Wayne's Booth

Wayne's Booth
57th St. Art Fair, Chicago

Tuesday, June 22, 2010

Obama's Stomping Grounds: The 57th St. Art Fair in the aptly named Windy City

Selecting accommodations for the 57th St. Fair in Chicago was a real challenge. We decided to go with the fair’s recommended option of staying at the International House, right on the University’s campus. After a relatively boring ride across lower Michigan and a brief jaunt through the tip of Indiana, we made it to Chicago’s “Skyway”. It is elevated in places, but this supposedly preferred route to access the downtown – though expensive in tolls – was as bad as some of the worst streets in Ypsilanti. We had to slow down frequently so that the trailer would not bump wildly behind us. No matter, our trusty Mapquest directions took us to the correct exit. As usual, it was downhill from there.
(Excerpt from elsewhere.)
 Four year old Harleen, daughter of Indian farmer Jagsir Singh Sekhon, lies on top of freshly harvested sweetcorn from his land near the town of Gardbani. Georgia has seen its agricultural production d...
Although we pretty much stayed on the task of determining what was a “slight right” and what was an outright turn, by the time we got close to our destination we were pretty confused. Failing to turn where we were supposed to according to Mapquest, we were off on an adventure of our own. This part of Chicago is full of one-ways and narrow streets. Luckily, I had the trusty University of Chicago parking map. We located the street upon which the International House was supposedly located and promptly passed right by it. Damn! The street was practically completely blocked off by parked cars idling in the southbound lane. I figured it must be a one-way, and told Wayne to just go around them all in the left lane. He said, “No way!” but I prevailed because we were both pretty anxious to stop and park somewhere, ANYWHERE. As it turns out, he was right and we could have created a head-on incident except for the happy circumstance of coming to a stop sign at a street that would allow us to turn right. After circling the neighborhood several times behind the I. House, we elected to park the whole 9 yards in a very long, open space in a nebulous public/University parking lot and get out on foot to find our place. This turned out to be a great idea, as the line of cars blocking the street (54th) consisted of various parents and grandparents waiting to pick up their little darlings from the University’s experimental school. We found the house, checked in, and lugged what we had up to the room.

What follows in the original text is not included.